> [WORK ORDER] Transcribe the entire listing exactly.

> [RECORDED DATA]
↓↓↓
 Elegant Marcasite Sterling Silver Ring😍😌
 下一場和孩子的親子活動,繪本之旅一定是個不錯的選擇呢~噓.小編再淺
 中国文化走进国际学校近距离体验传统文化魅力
↑↑↑
> [RESULT]
 Elegant Marcasite Sterling Silver Ring😍😌
 下一場和孩子的親子活動,繪本之旅一定是個不錯的選擇呢~噓.小編再淺
 中国文化走进国际学校近距离体验传统文化魅力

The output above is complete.